Tech News
← Back to articles

Spike in Fortinet VPN brute-force attacks raises zero-day concerns

read original related products more articles

A massive spike in brute-force attacks targeted Fortinet SSL VPNs earlier this month, followed by a switch to FortiManager, marked a deliberate shift in targeting that has historically preceded new vulnerability disclosures.

The campaign, detected by threat monitoring platform GreyNoise, manifested in two waves, on August 3 and August 5, with the second wave pivoting to FortiManager targeting with a different TCP signature.

As GreyNoise previously reported, such spikes in deliberate scanning and brute-forcing precede the disclosure of new security vulnerabilities 80% of the time.

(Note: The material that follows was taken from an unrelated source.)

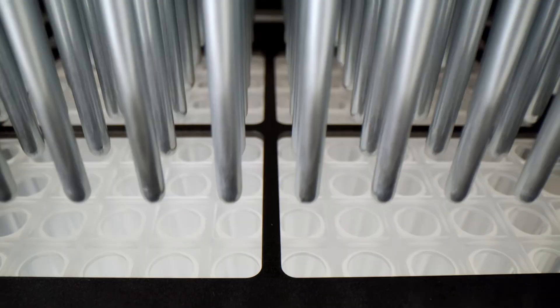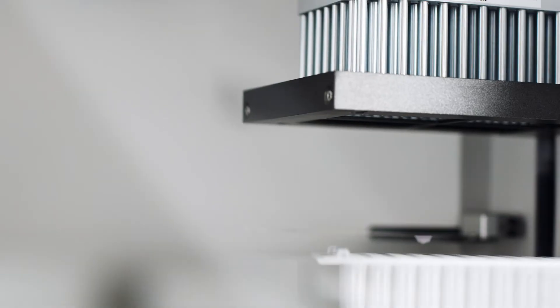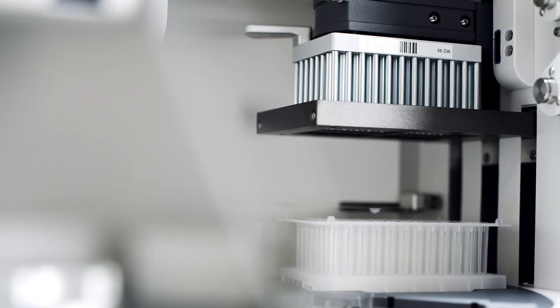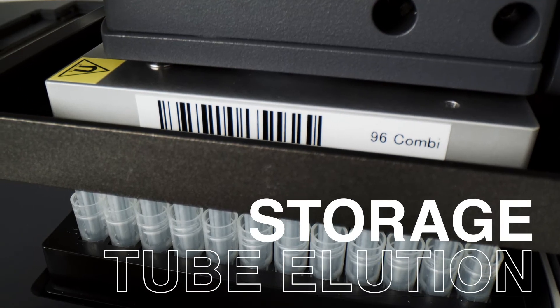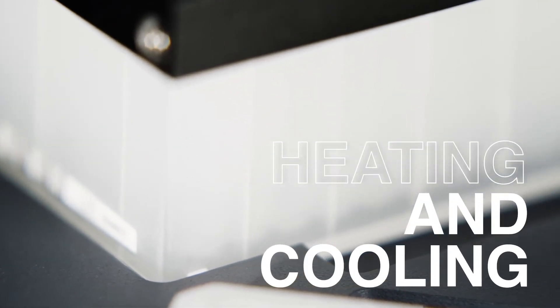Specialized tip combs and well design enable lower elution volumes, storage tube elution, and heating and cooling consistency.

Often, such scans aim at enumerating exposed endpoints, evaluating their significance, and estimating their exploitation potential, with actual attack waves following shortly after.

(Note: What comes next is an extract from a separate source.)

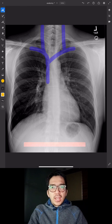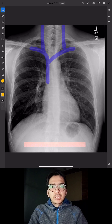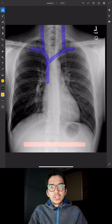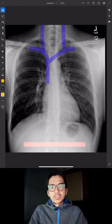Hey everybody, this is Rishi. In this video, we're going to be talking about central lines. I'm going to talk about how to identify the position on chest x-ray, and we're going to talk about a couple of complications that you can see on chest x-ray.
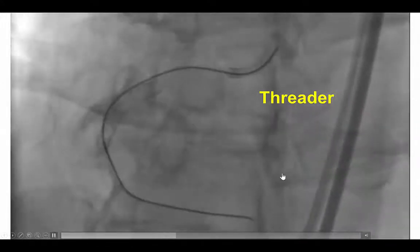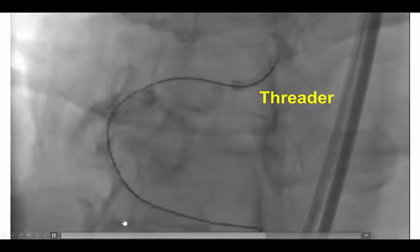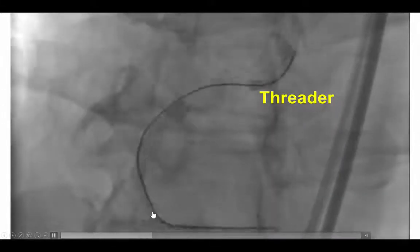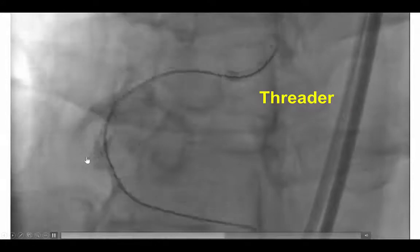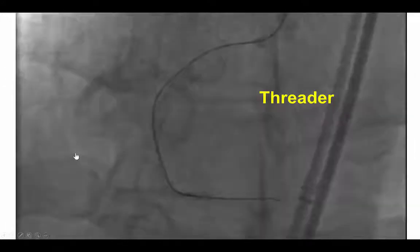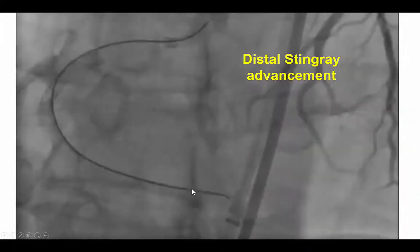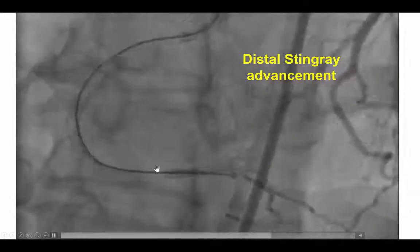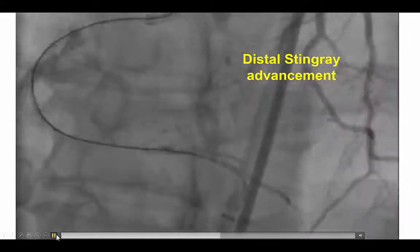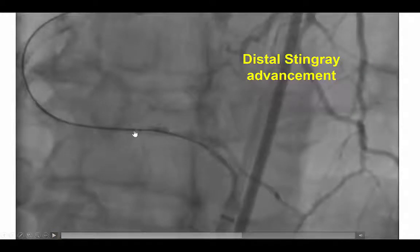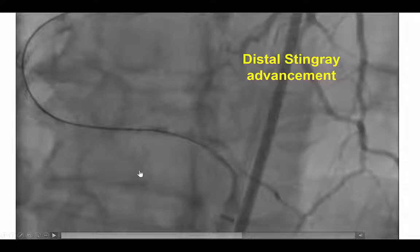This is a maneuver we want to avoid if possible because it can create hematoma distally, but in this particular case there was no way around it since we could not deliver the stingray balloon. After inflating the threader, we were then able to advance the stingray balloon all the way to the distal vessel, with the two dots of the stingray balloon located adjacent to the reconstituted distal vessel.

"New research shows spikes like this often precede the disclosure of new vulnerabilities affecting the same vendor — most within six weeks," warned GreyNoise.

"In fact, GreyNoise found that spikes in activity triggering this exact tag are significantly correlated with future disclosed vulnerabilities in Fortinet products."

Due to this, defenders shouldn't dismiss those spikes in activity as failed attempts to exploit old, patched flaws, but rather treat them as potential precursors to zero-day disclosure and strengthen security measures to block them.

The Fortinet brute-force attacks

On August 3, 2025, GreyNoise recorded a spike in brute-forcing attempts targeting Fortinet SSL VPN as part of a steady activity it has been monitoring since earlier.

JA4+ fingerprint analysis, a network fingerprinting method for identifying and classifying encrypted traffic, linked the spike to June activity originating from a FortiGate device on a residential IP address associated with Pilot Fiber Inc.